::: Material provided

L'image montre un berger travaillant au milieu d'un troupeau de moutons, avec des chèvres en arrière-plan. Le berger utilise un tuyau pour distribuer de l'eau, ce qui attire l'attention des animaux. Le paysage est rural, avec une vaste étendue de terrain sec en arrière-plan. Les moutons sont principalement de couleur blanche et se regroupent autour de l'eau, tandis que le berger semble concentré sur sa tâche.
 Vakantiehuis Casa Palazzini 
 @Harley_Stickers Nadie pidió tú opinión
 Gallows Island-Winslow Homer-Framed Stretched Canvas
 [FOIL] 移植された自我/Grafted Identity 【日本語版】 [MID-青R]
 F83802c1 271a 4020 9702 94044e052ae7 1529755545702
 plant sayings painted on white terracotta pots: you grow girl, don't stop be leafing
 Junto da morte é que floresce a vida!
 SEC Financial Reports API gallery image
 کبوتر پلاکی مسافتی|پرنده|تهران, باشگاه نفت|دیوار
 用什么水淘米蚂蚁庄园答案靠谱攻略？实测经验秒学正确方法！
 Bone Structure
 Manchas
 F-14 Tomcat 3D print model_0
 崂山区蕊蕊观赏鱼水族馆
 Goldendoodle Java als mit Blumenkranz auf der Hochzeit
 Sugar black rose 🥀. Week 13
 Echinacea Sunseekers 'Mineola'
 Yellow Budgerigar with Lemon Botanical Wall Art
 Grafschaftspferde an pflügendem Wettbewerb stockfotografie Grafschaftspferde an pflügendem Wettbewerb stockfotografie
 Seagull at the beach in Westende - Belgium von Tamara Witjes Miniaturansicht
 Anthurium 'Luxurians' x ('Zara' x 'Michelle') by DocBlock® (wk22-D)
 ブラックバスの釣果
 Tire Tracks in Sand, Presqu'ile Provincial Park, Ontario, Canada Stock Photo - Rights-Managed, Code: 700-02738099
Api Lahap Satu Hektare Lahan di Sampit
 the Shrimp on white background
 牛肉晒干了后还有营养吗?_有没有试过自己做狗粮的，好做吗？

::::::

**Exercise objective**
Would you restate word for word every line from the one holding "Goldendoodle Java als" to the end of the entries, both ends included?

**Finished exercise**
 Goldendoodle Java als mit Blumenkranz auf der Hochzeit
 Sugar black rose 🥀. Week 13
 Echinacea Sunseekers 'Mineola'
 Yellow Budgerigar with Lemon Botanical Wall Art
 Grafschaftspferde an pflügendem Wettbewerb stockfotografie Grafschaftspferde an pflügendem Wettbewerb stockfotografie
 Seagull at the beach in Westende - Belgium von Tamara Witjes Miniaturansicht
 Anthurium 'Luxurians' x ('Zara' x 'Michelle') by DocBlock® (wk22-D)
 ブラックバスの釣果
 Tire Tracks in Sand, Presqu'ile Provincial Park, Ontario, Canada Stock Photo - Rights-Managed, Code: 700-02738099
Api Lahap Satu Hektare Lahan di Sampit
 the Shrimp on white background
 牛肉晒干了后还有营养吗?_有没有试过自己做狗粮的，好做吗？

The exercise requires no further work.